▶ [What this task involves]
Look through the entries below and extract exactly the lines from the one containing "Tigo speed reading outside of Medellín" through the one containing "HT650 Digital Infrared", ends included.

▶ [Dataset]
▶

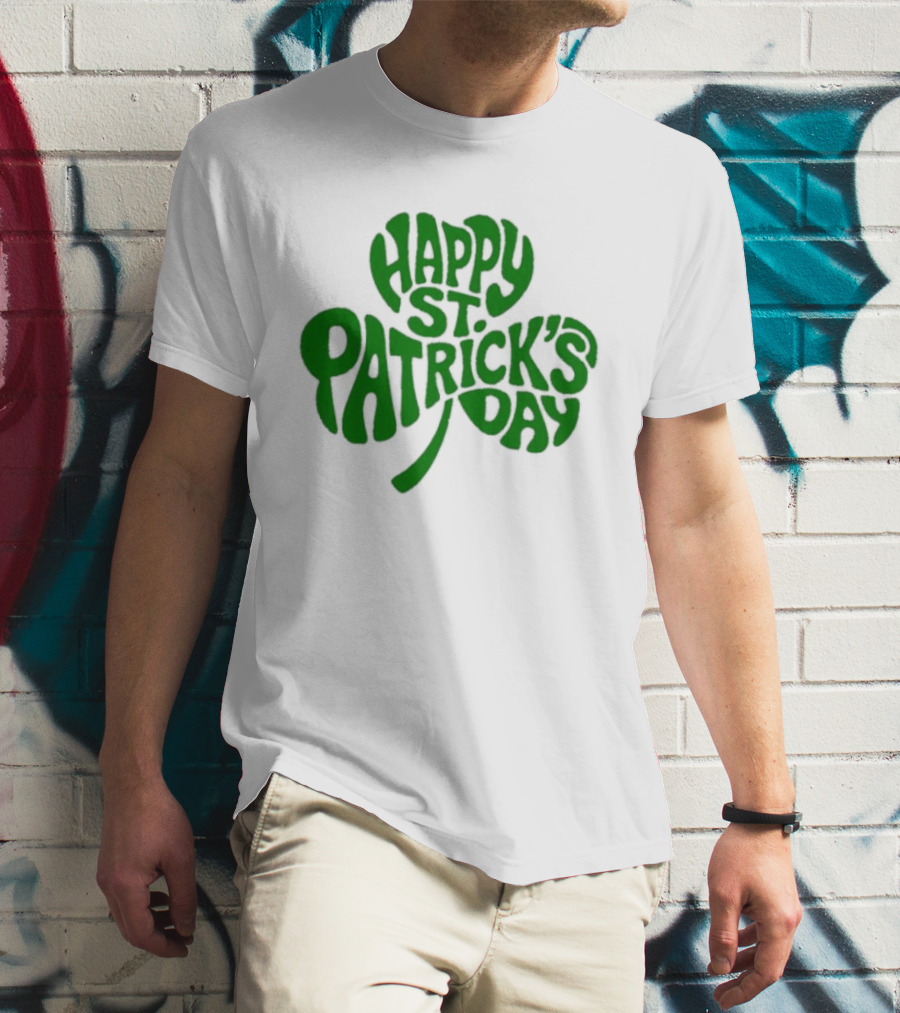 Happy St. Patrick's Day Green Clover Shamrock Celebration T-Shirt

◀
▶

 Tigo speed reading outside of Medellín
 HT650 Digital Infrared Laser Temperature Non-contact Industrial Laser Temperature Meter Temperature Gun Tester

◀

▶ [Solution for this problem]
 Tigo speed reading outside of Medellín
 HT650 Digital Infrared Laser Temperature Non-contact Industrial Laser Temperature Meter Temperature Gun Tester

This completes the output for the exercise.